*Your objective*
Output only the lines below from the one holding "Image of 1.5mm" down to the one holding "MÜBA 64m Typ", both end lines included and every picture dropped.

*Given information*
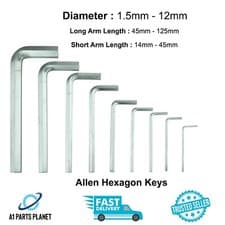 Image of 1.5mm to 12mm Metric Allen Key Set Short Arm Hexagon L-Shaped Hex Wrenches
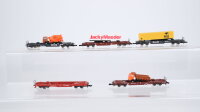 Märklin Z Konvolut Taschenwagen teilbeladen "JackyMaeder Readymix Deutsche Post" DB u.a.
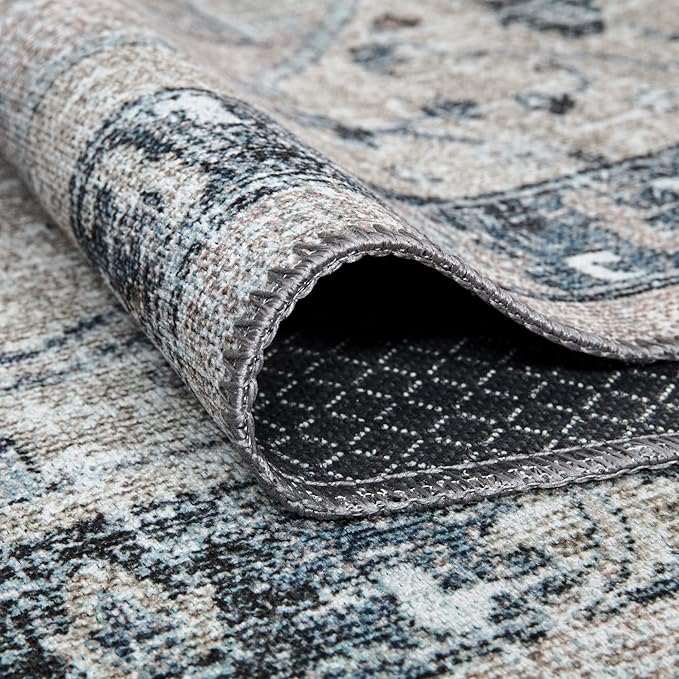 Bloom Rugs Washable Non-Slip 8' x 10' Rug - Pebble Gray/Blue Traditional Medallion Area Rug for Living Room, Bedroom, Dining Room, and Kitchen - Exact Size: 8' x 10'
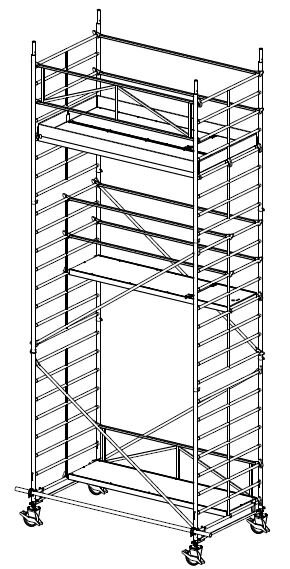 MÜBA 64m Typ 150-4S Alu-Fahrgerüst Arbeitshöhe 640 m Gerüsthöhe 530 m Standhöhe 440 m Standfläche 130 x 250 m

==

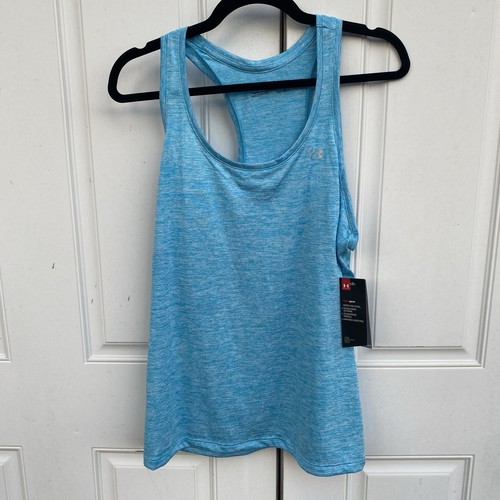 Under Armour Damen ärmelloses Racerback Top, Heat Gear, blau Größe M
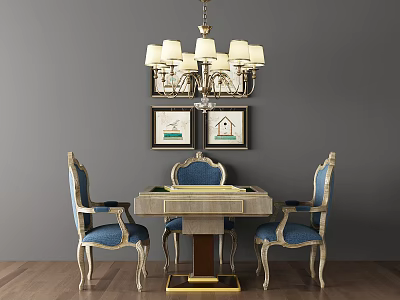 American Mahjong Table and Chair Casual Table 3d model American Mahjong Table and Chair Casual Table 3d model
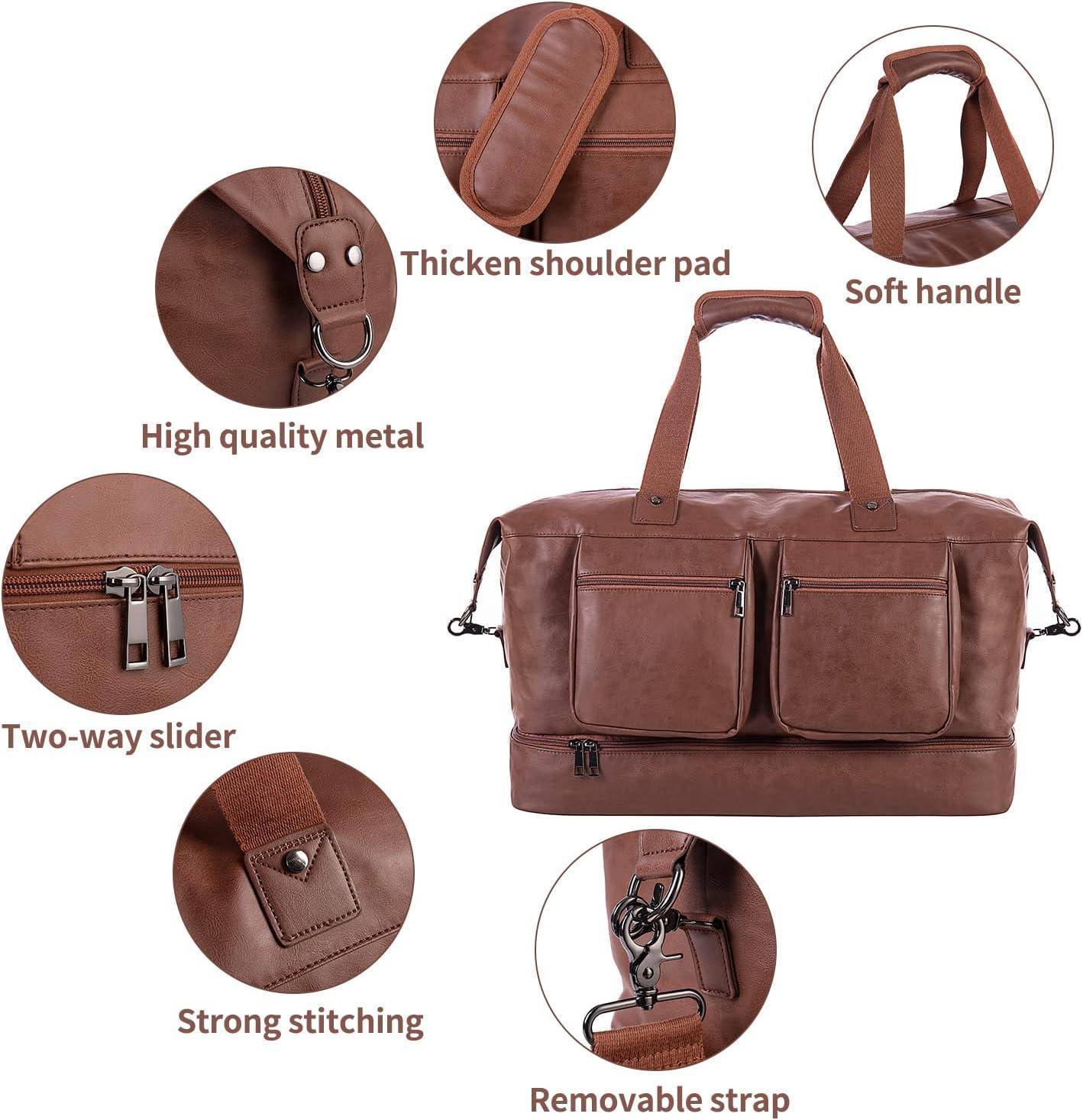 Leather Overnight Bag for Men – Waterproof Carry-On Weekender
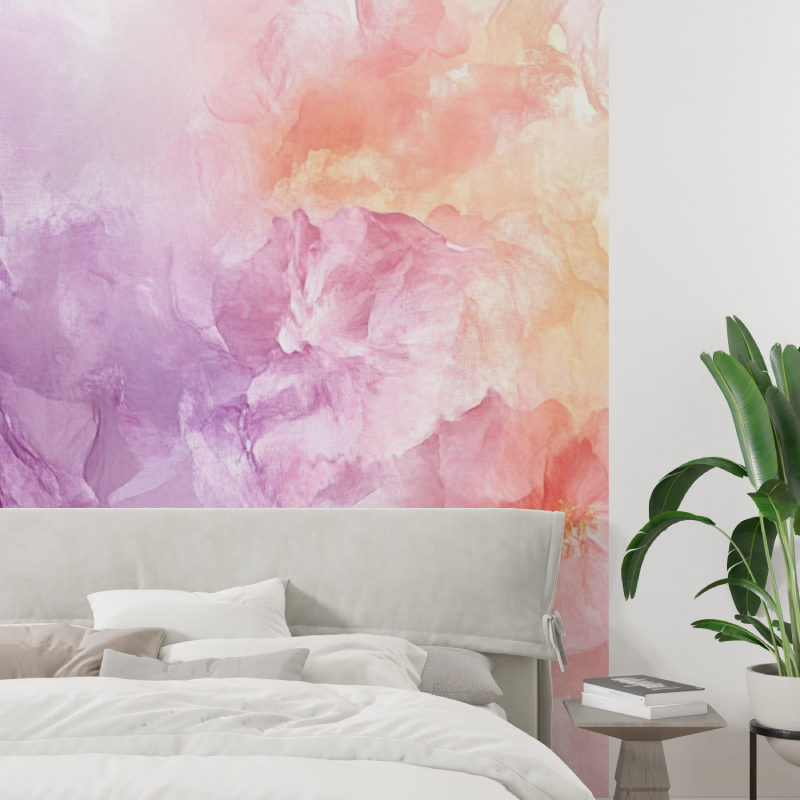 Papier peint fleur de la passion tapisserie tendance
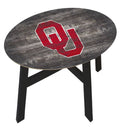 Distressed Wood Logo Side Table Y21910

*Task output*
 Image of 1.5mm to 12mm Metric Allen Key Set Short Arm Hexagon L-Shaped Hex Wrenches
 Märklin Z Konvolut Taschenwagen teilbeladen "JackyMaeder Readymix Deutsche Post" DB u.a.
 Bloom Rugs Washable Non-Slip 8' x 10' Rug - Pebble Gray/Blue Traditional Medallion Area Rug for Living Room, Bedroom, Dining Room, and Kitchen - Exact Size: 8' x 10'
 MÜBA 64m Typ 150-4S Alu-Fahrgerüst Arbeitshöhe 640 m Gerüsthöhe 530 m Standhöhe 440 m Standfläche 130 x 250 m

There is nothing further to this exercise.